Task objective:
Once the pictures are set aside, reproduce all of the records exactly.

The input:

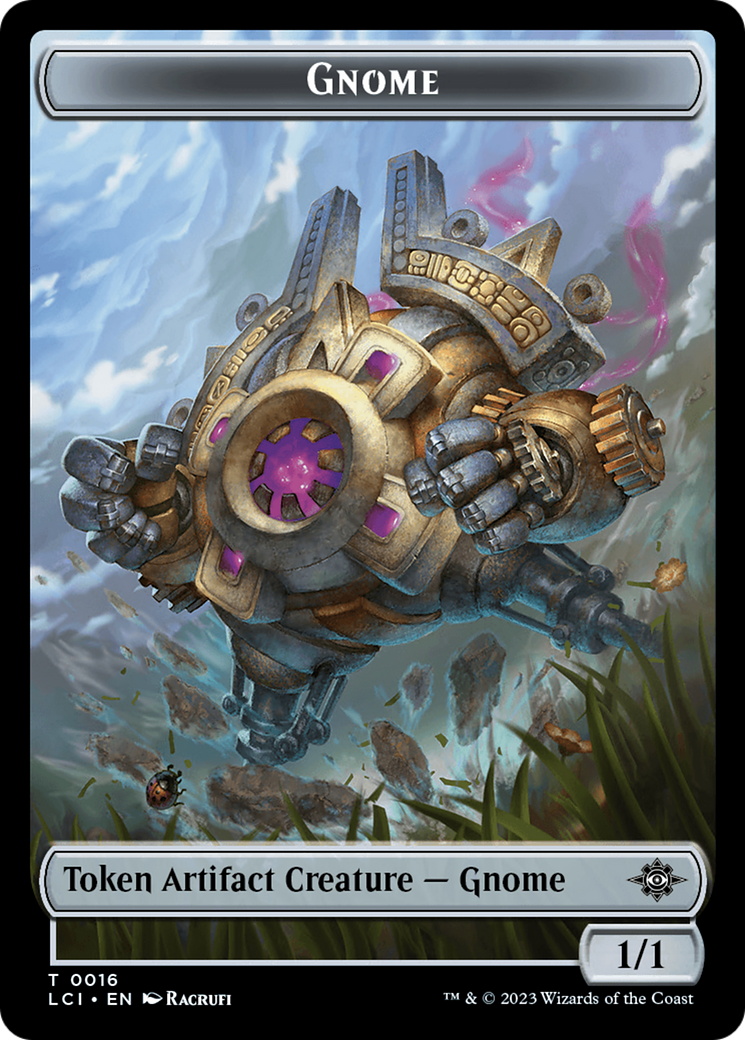 Gnome Token (TLCI-016)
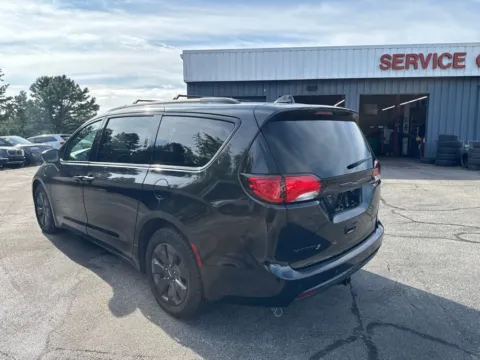 Another view of 2020 Chrysler Pacifica Hybrid Touring L for sale in Chichester, NH at Auto Sense North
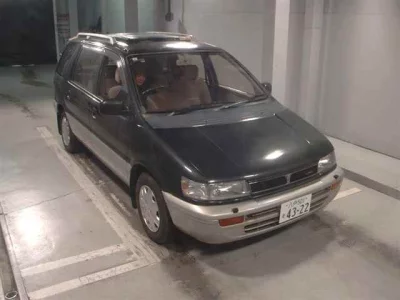Mitsubishi CHARIOT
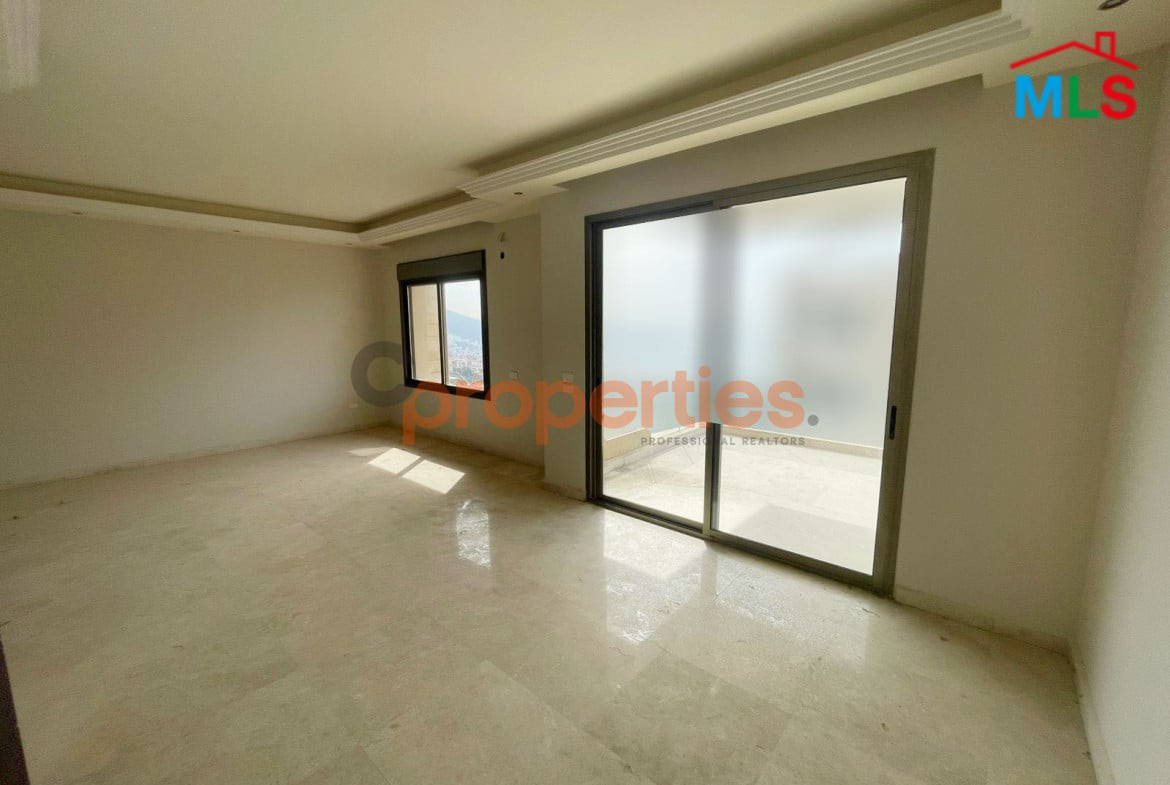 Apartment For Sale in Ghazir شقة للبيع في غزير – CPKMT88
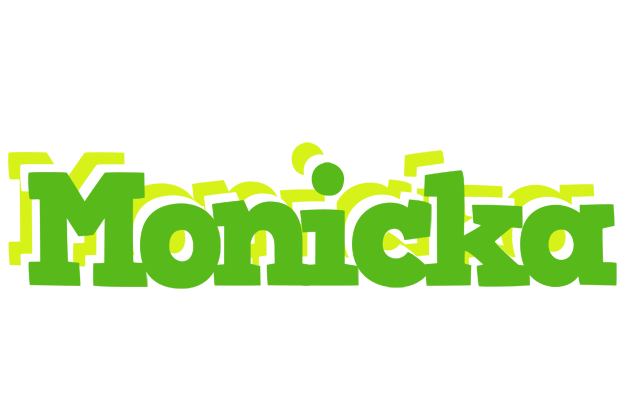 Monicka picnic logo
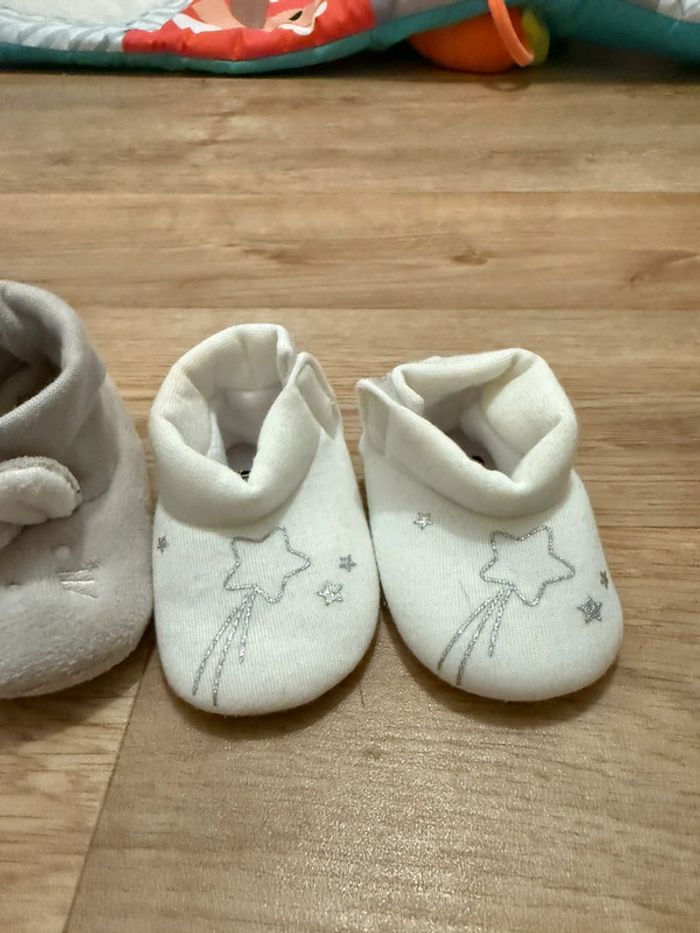Lot de chaussons - photo numéro 4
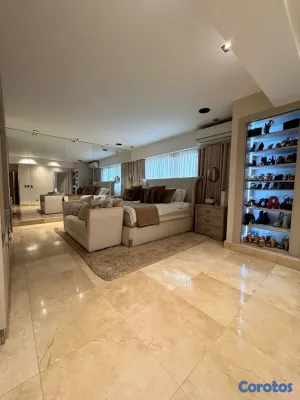 apartamentos - los Casicasgos/ uno por piso con balcón amplio moderno  13
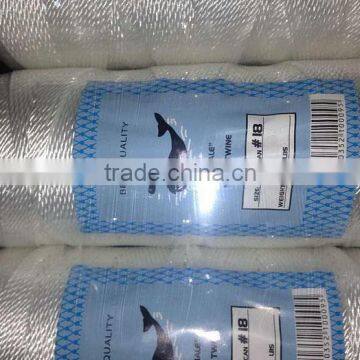 OEM 100% Polypropylene String Wear Resistant Monofilament Fishing Line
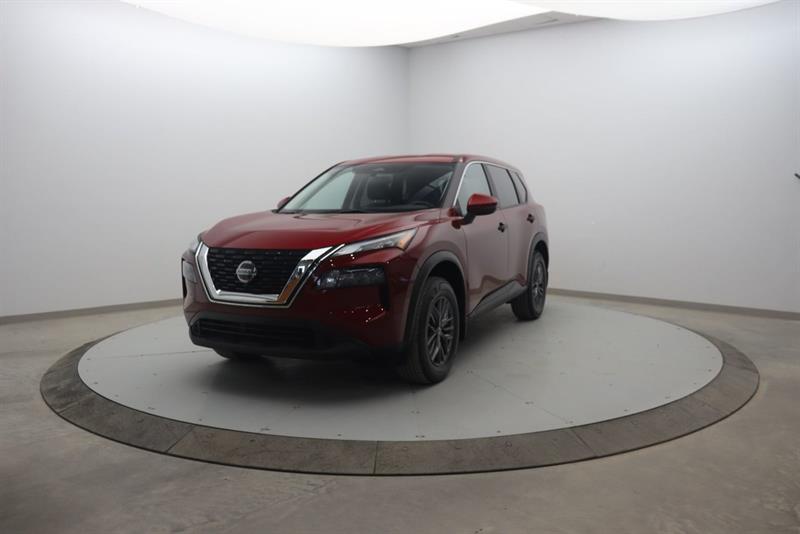 nissan Rogue 2021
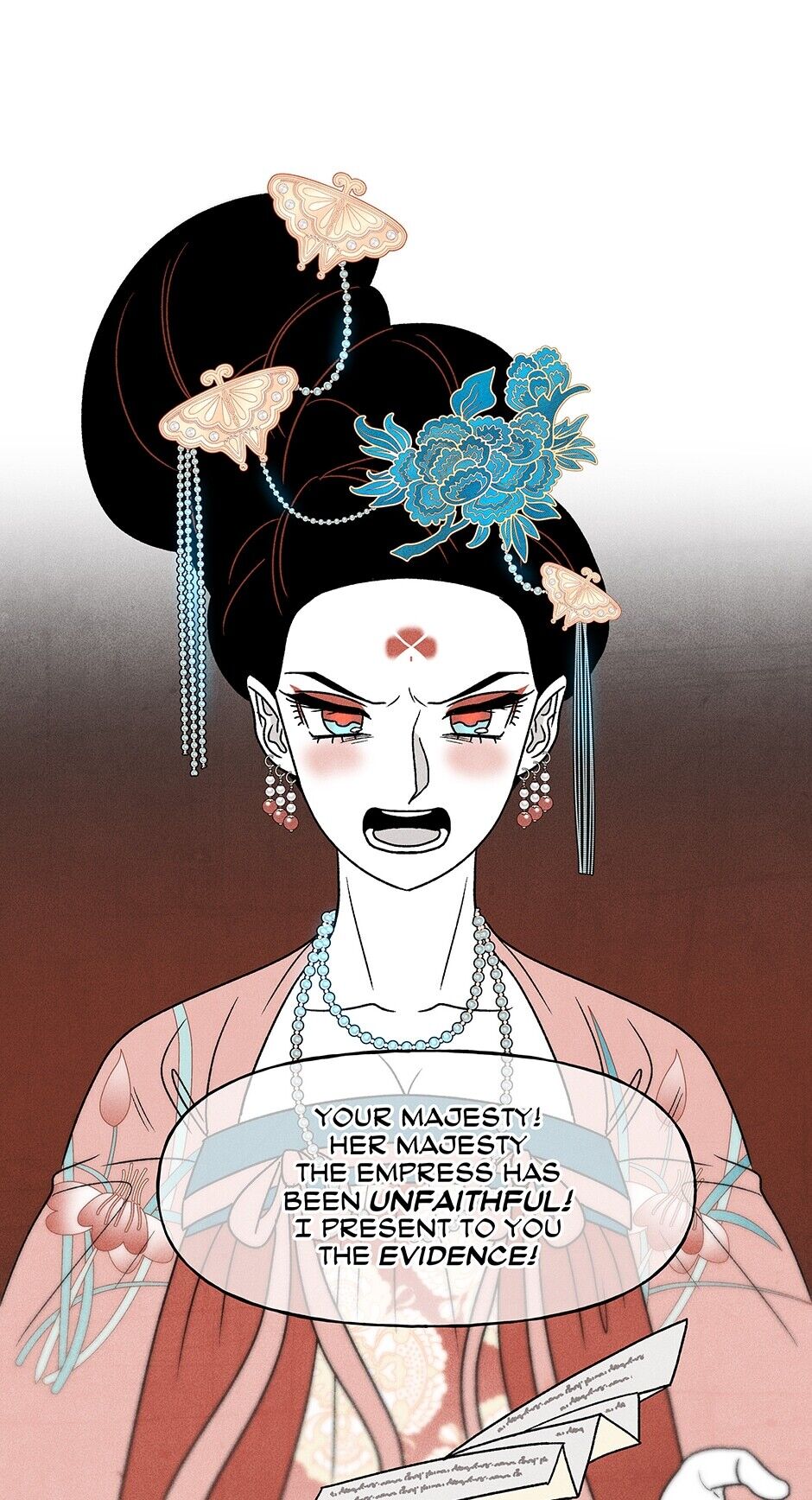 Concubine Walkthrough chapter 33 - page 50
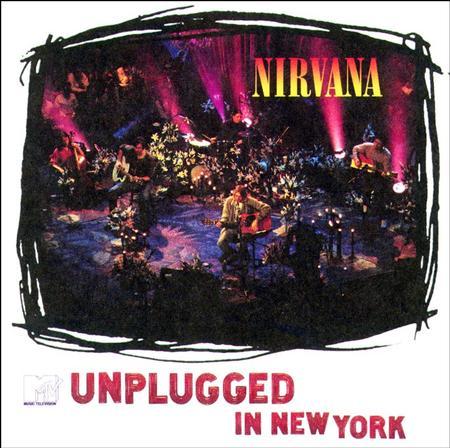 Nirvana - MTV Unplugged in New York
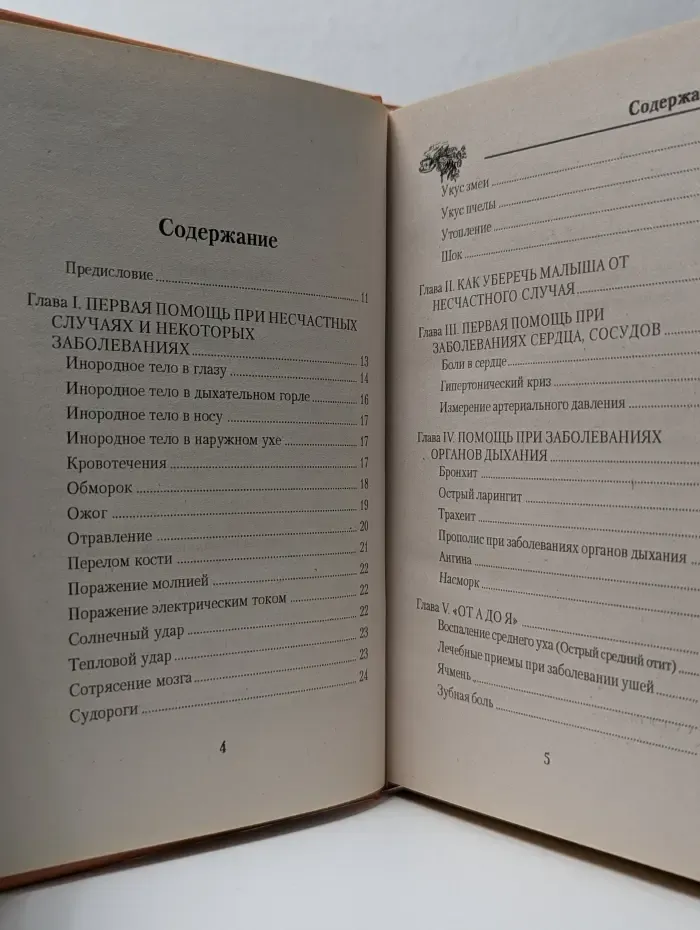 Домашний православный лечебник
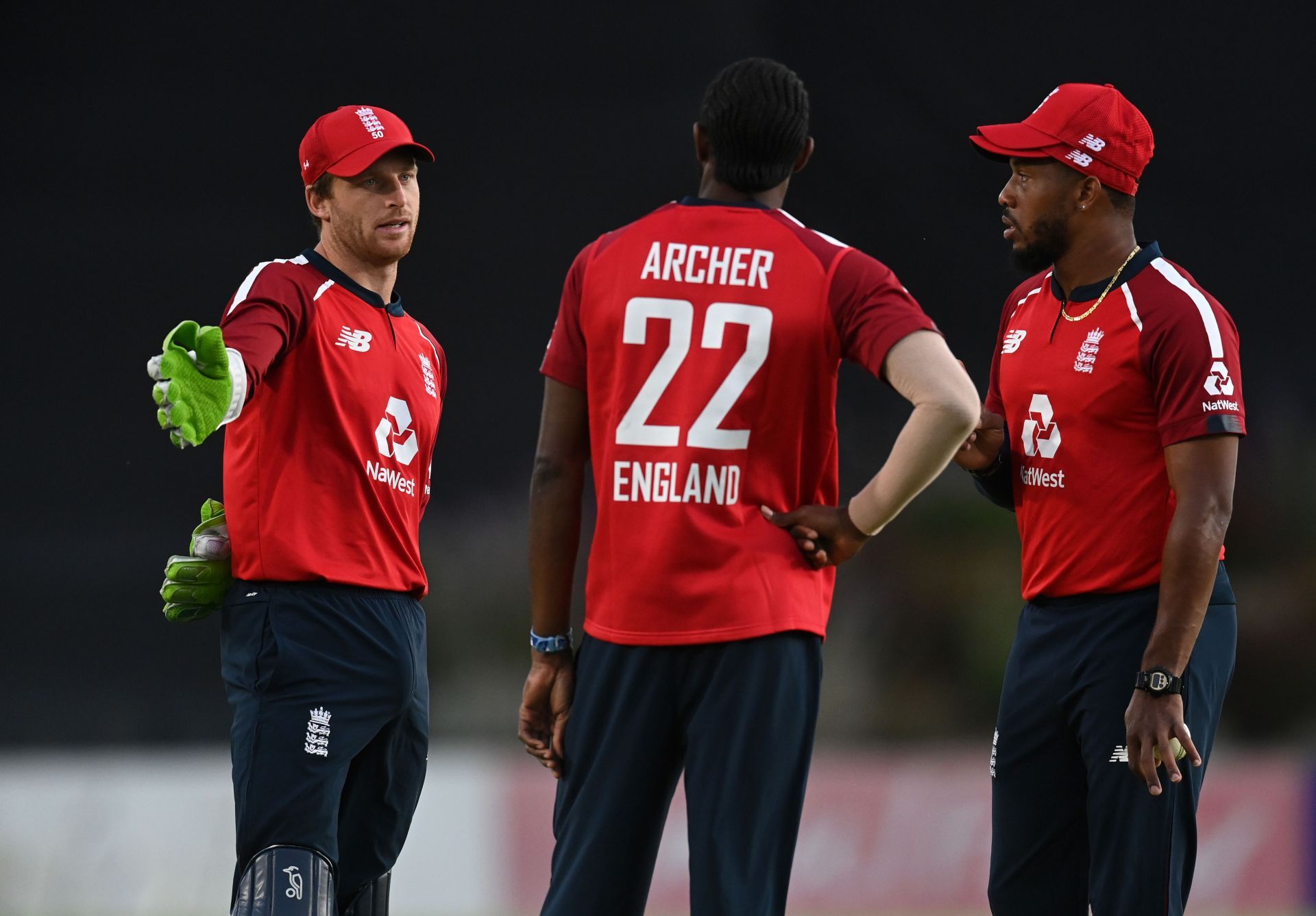 England T20 Practice Match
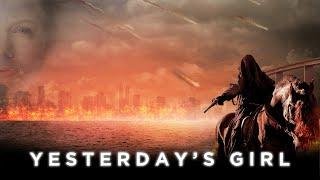 Yesterdays Girl  Post-Apocalyptic Sci-fi Thriller  Full Movie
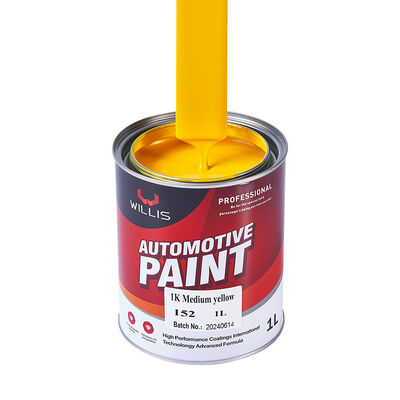 China-Made 2K Clear Coat Spray Paint Competitief geprijsd Automotive Car Touch-Up Base Coat Liquid Acrylic Resin voor autoverf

Result for this exercise:
 Gnome Token (TLCI-016)
 Another view of 2020 Chrysler Pacifica Hybrid Touring L for sale in Chichester, NH at Auto Sense North
Mitsubishi CHARIOT
 Apartment For Sale in Ghazir شقة للبيع في غزير – CPKMT88
 Monicka picnic logo
Lot de chaussons - photo numéro 4
 apartamentos - los Casicasgos/ uno por piso con balcón amplio moderno  13
 OEM 100% Polypropylene String Wear Resistant Monofilament Fishing Line
 nissan Rogue 2021
 Concubine Walkthrough chapter 33 - page 50
 Nirvana - MTV Unplugged in New York
 Домашний православный лечебник
 England T20 Practice Match
 Yesterdays Girl  Post-Apocalyptic Sci-fi Thriller  Full Movie
 China-Made 2K Clear Coat Spray Paint Competitief geprijsd Automotive Car Touch-Up Base Coat Liquid Acrylic Resin voor autoverf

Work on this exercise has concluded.